* Data:

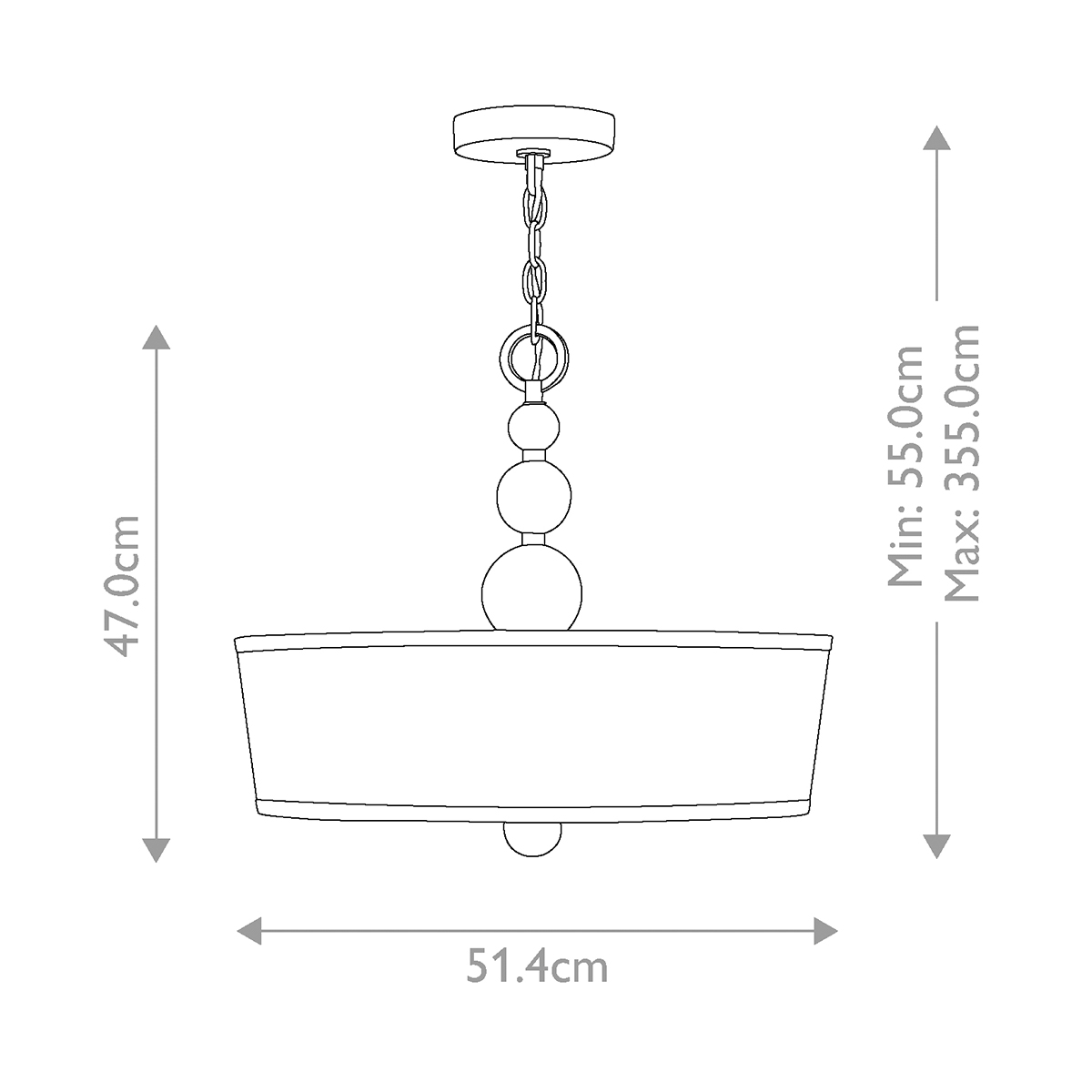 Люстра подвесная с белым тканевым цилиндрическим абажуром и декоративными шарами Hinkley в Омске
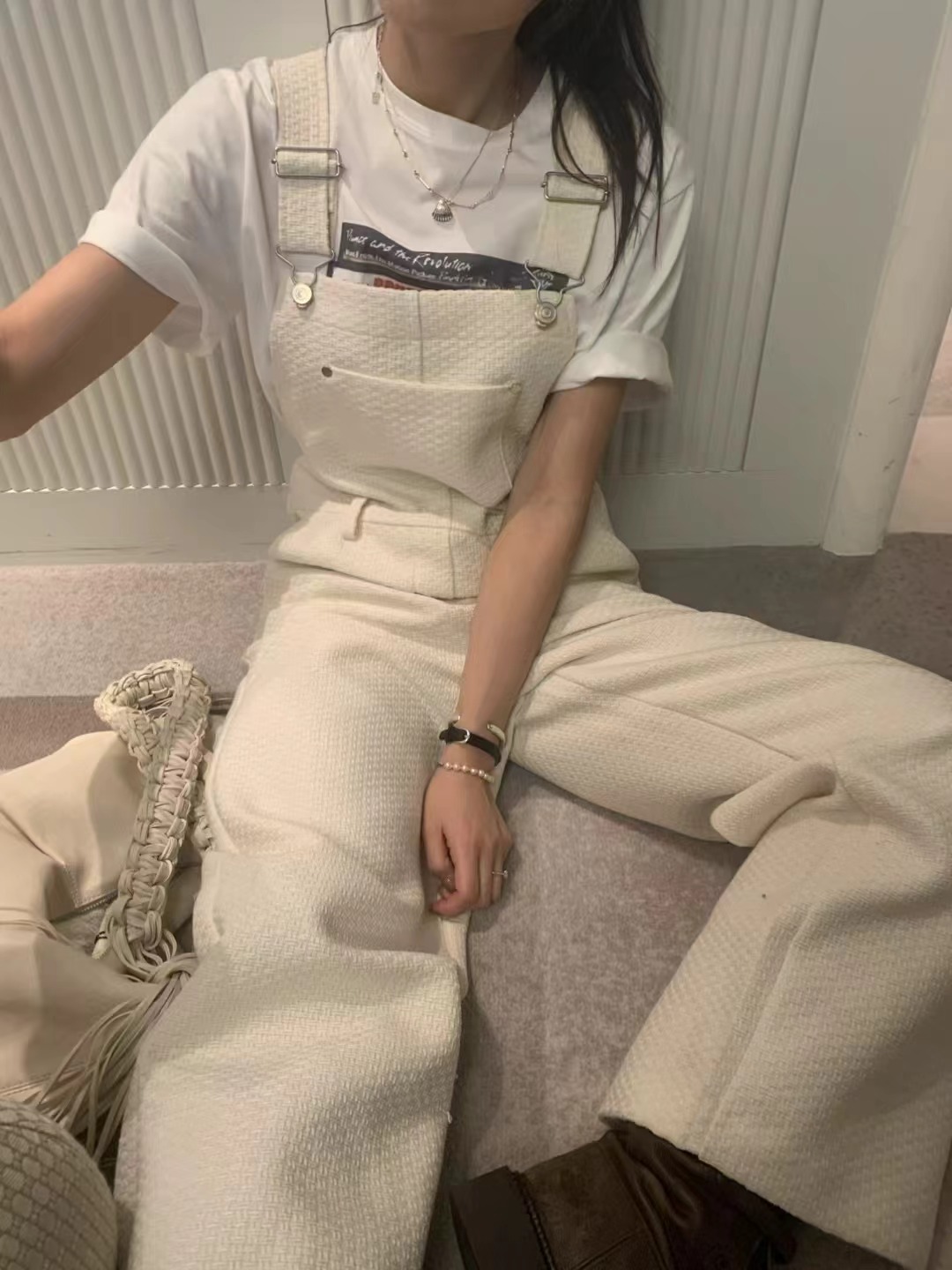 ONDA直郵韓國代購㊣女裝新品熱賣25春夏背帶褲工裝褲粗花呢ONDA背帶褲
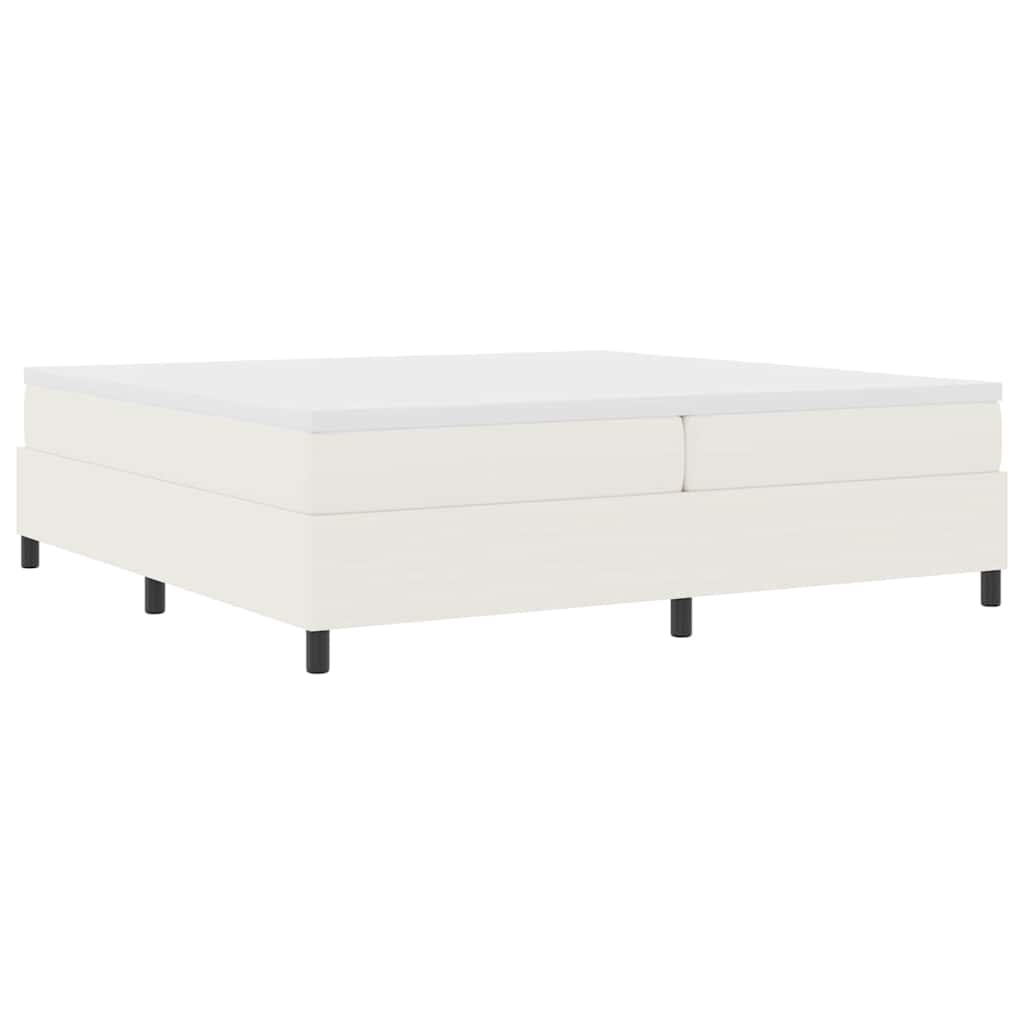 Letto a molle Crema e Bianco 200 x 200 cm Tessuto in Cords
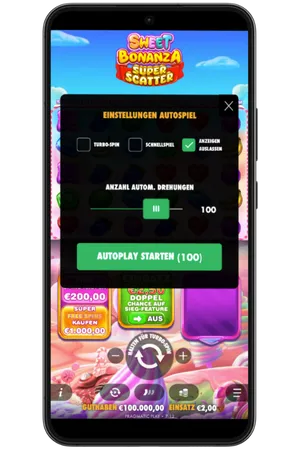 Autoplay-Einstellungen in Sweet Bonanza Super Scatter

* Work order: Set down the line containing "Letto a molle" and every line after it up to the end of the material, exactly as written, but not the pictures.

* Written solution:
 Letto a molle Crema e Bianco 200 x 200 cm Tessuto in Cords
 Autoplay-Einstellungen in Sweet Bonanza Super Scatter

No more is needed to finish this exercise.